(WORK TASK) Pictures are to be left out, and only the lines below starting at the one with "9mm Red Ghost" and ending at the one with "Load image into" are to be reproduced, each exactly, both ends included.

(PROVIDED RECORDS)
※ ※ ※
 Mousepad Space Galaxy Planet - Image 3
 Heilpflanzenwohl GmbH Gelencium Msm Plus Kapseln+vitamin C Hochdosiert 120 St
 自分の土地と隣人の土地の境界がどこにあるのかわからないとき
※ ※ ※
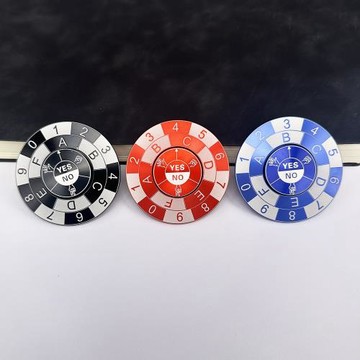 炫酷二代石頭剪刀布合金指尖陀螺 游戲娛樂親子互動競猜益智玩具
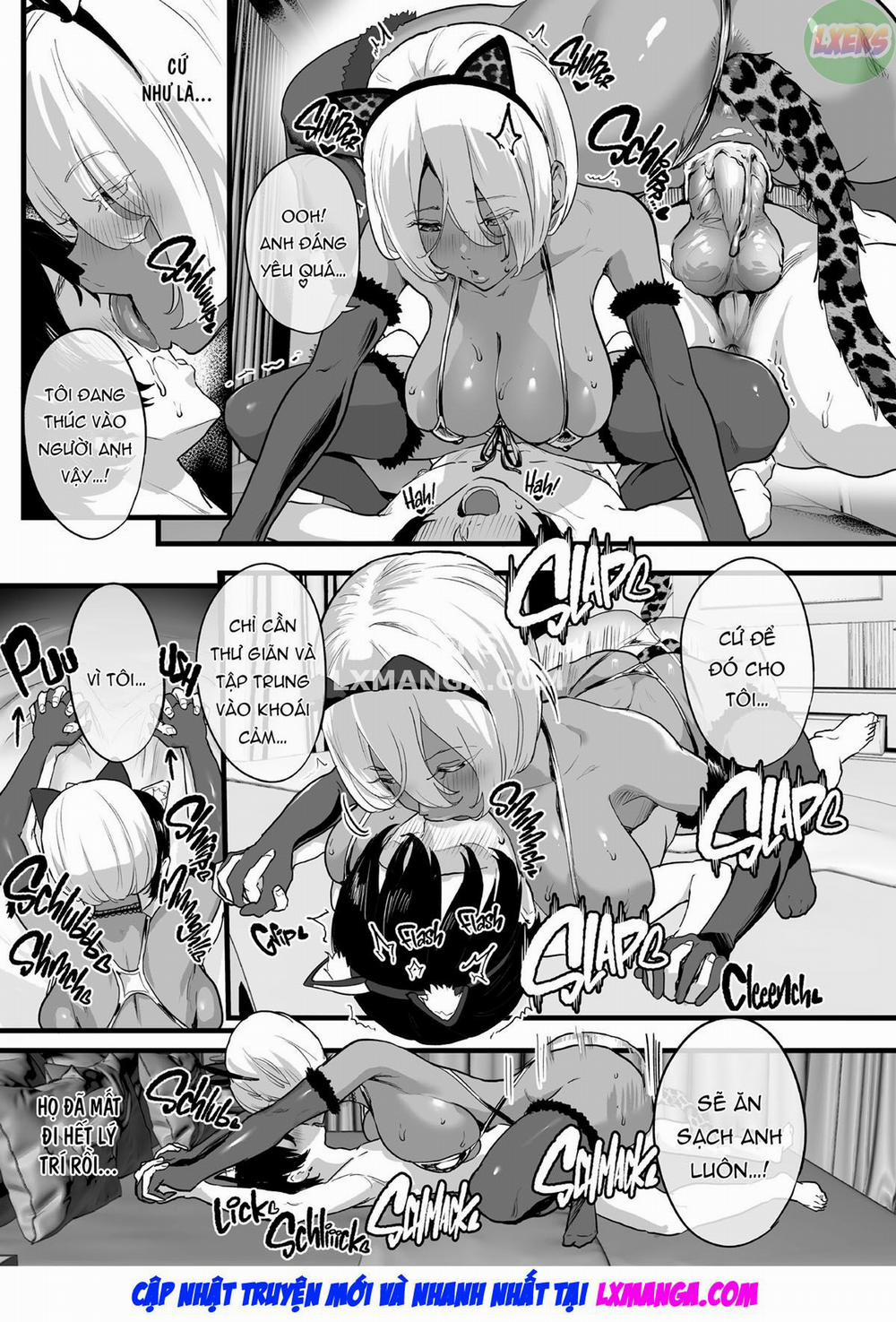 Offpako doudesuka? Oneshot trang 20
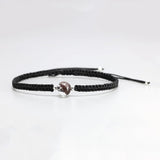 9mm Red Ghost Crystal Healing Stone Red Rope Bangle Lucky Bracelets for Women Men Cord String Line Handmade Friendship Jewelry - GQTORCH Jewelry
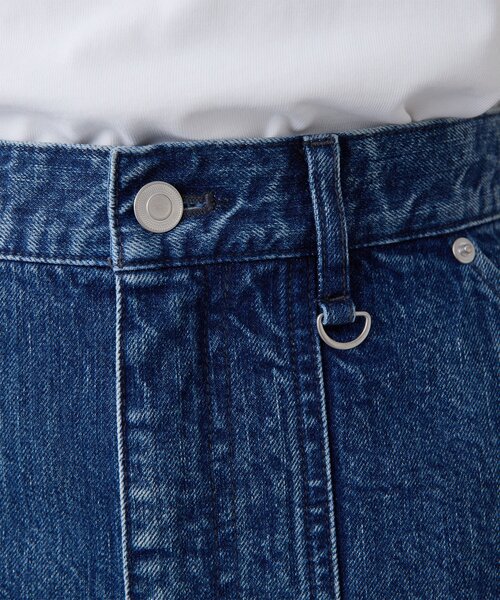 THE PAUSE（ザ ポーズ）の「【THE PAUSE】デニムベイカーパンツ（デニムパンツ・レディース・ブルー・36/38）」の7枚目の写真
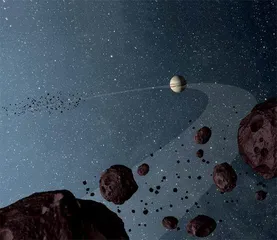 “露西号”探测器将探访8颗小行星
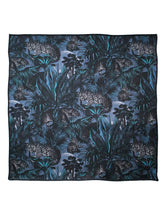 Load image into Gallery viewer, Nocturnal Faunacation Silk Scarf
※ ※ ※
(ANSWER TO THE PROBLEM)
 9mm Red Ghost Crystal Healing Stone Red Rope Bangle Lucky Bracelets for Women Men Cord String Line Handmade Friendship Jewelry - GQTORCH Jewelry
 THE PAUSE（ザ ポーズ）の「【THE PAUSE】デニムベイカーパンツ（デニムパンツ・レディース・ブルー・36/38）」の7枚目の写真
 “露西号”探测器将探访8颗小行星
 Load image into Gallery viewer, Nocturnal Faunacation Silk Scarf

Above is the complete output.